Our bodies are very frugal. The phrase “use it or lose it” is how our anatomy is built to function. This is easily illustrated with the example of a broken limb. The bone is stabilized within a non-flexible cast that doesn’t allow the limb to move. Within a few short weeks the muscles have wasted, the tendons and ligaments have shortened, and when the cast is removed movement is literally impossible. The limb is nearly frozen into place. Physical therapists help the patient to stretch and strengthen the tightened and atrophied muscles and soft tissues, and in the process the bone is also strengthened. This is exercise.

There is no doubt that there are benefits to strenuous exercise done by Migrianeurs during their attack free days. However, for some of us, this is simply an impossibility as we have no attack free days.

Unfortunately when exercise is mentioned, most Migraineurs get scared, throw their hands up or weep in frustration and don’t even attempt it. Their idea of exercise involves straining, sweating, breathing hard, and a highly elevated heart rate for a half hour or more. They often end up walking away from a perfectly good physician because they mistakenly think “there is absolutely NO WAY I can exercise, and he’s/she’s crazy to think I can!” Doctors get frustrated because they think “If the patient really wanted to get better, they’d just try this” and sometimes they give up on them, glad when the patient has moved on to another physician.

Here is one of the disconnects between physician and patient:

When your doctor or headache specialist asks you to exercise, they do not mean during an attack. They also do not expect you to begin with strenuous strength building exercise. They may not always vocalize this however, misleading anxious patients into thinking they are going to have to torture themselves at a time when all they want is a good abortive and/or pain meds, and a nice quiet dark room to sleep in. Patients are often intimidated by their doctors and their limited time, and beginning a conversation with them about this shocking topic is more than they can muster.
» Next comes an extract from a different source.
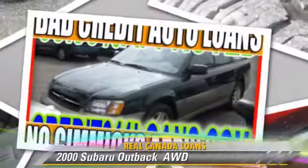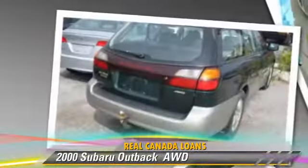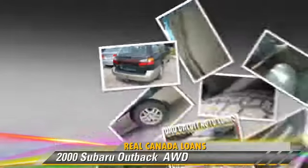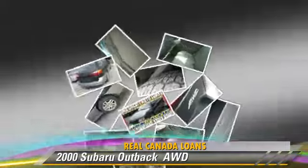The 2000 Subaru Outback. This vehicle is well equipped. This Subaru features alloy wheels, a sunroof, and all-wheel drive.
Exercise for a Migraineur takes much patience on everyone’s part. Because they must start with simple movements and stretches and very, very slowly build themselves up over a period of weeks or months to anything resembling vigorous activity, many doctors and patients give up before benefit can be seen.

Stay tuned for Part two: How does exercise help Migraineurs? and Part three: How do I start exercising? Cheats for Migraineurs

This article represents the opinions, thoughts, and experiences of the author; none of this content has been paid for by any advertiser. The Migraine.com team does not recommend or endorse any products or treatments discussed herein. Learn more about how we maintain editorial integrity here.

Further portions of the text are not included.